Last year I had the l the pleasure of reviewing Logic of English’s program Essentials with my son, David. You can see that review here. Through this program he has continued to make significant progress, in spite of his dysgraphia. This made me curious. What if I’d had a similar program when he was younger? Could it have alleviated the problem? Could we have avoided all the years of time wasted with little to no progress?
So I decided to reach out to LOE and ask to review their younger children materials (called Foundations) with Daniel (6) and Rebecca (4). They graciously provided me with a copy of their complete curriculum in exchange for my honest review. So, here goes:
Right out of the box, my children enjoyed it. The books were colorful, engaging, and easy to use. As a mom, i have hesitated using intensive phonics at a young age because it seemed so intimidating. After the lessons learned with my older student, I decided it was worth it. The good news is, the material, while intensive, is presented in a simple to follow manner. Each day’s lessons are clearly laid out in the teacher’s manual. The student book is not cluttered with a lot of unnecessary items, either.
Each day includes helping the student learn using all the learning methods- auditory, visually, and activity based. Each day includes review games (that don’t take tons of time or lots of little objects I had to gather). My children BOTH look forward to the lessons.

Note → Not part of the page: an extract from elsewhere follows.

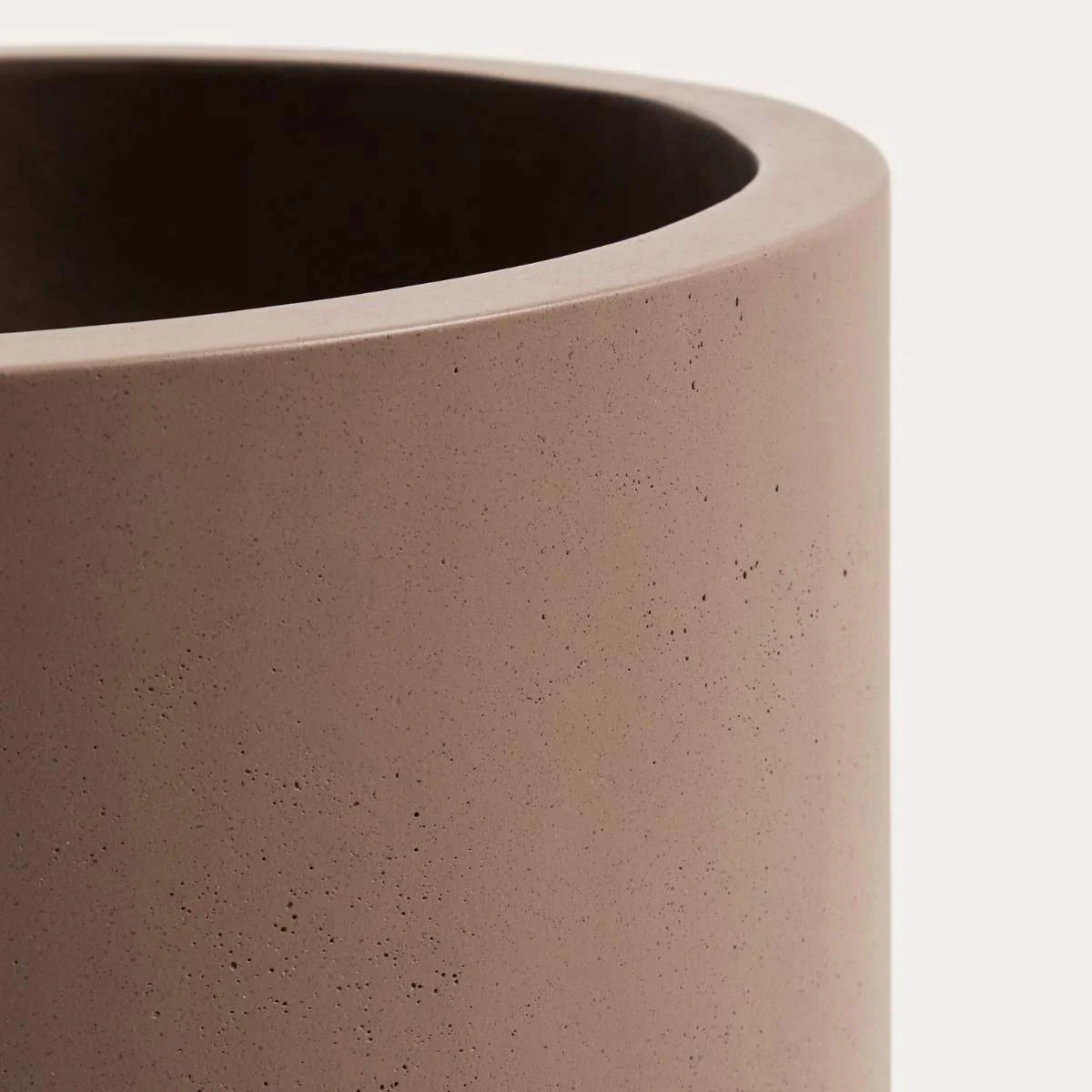 Kave Home Aiguablava brown cement planter Ø 42cm - Image 5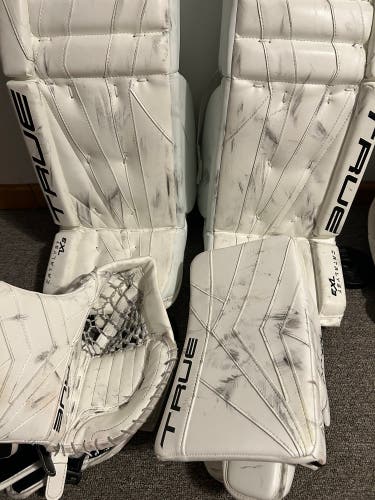 35"  True Catalyst 7X3 Goalie Full Set (Used)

Daniel (6) is already reading at a first grade level before we began the program. But it’s been my experience that reading does not always translate to good spelling and writing skills. So I started him in foundations A, but did two lessons per day. He has been flying through the lessons and enjoying them very much. If you ask him what his favorite school is, he says “writing.” He is especially drawn to the games. So far, nothing is a struggle for him and he is easily retaining everything we are doing. I could have started him in B, probably, but I am actually enjoying making sure there is nothing basic skipped before we move forward, and he enjoys the lessons so much, I am glad we did this one first.
Rebecca (4) is just learning to read, barely. We started A with her and have moved at the pace of about three lessons per week. She could do more, but my schedule won’t allow it. With her, some of the concepts are easy and quick to remember and some are harder. She struggled with combining sounds into words. For example, if I segment T-A-B-L-E, she could not easily combine the sounds, even if I tried this over and over. Since it was a very small part of the lessons, I just let her try it a few times, then gave her the answer then presented it again, having her repeat the answer.
This concerned me a bit- if she was struggling with this, should I continue with the rest of the lessons? She continued to ask me to do English class, so i went ahead anyway. After about 6 lessons, she finally turned a corner and was able to do it! I am glad we did not stop the whole program over this one part.
Both children look forward to the lessons, and both are quickly improving in letter and sound recognition and spelling words as well. I am going to continue using this program until they have completed it!
I also wanted to be sure to mention that they have phone and iPad apps that may be very appealing to your family. We use this to reinforce the phonograms during times when we are away from the home. Because Rebecca has some vision problems, we strictly limit all screen time for her, so we do not use it much, but the boys love it and have made significant progress using it. This is great of you have youngsters who really like apps, and it even helped me firm up some of the trickier ones for David as I was working with him.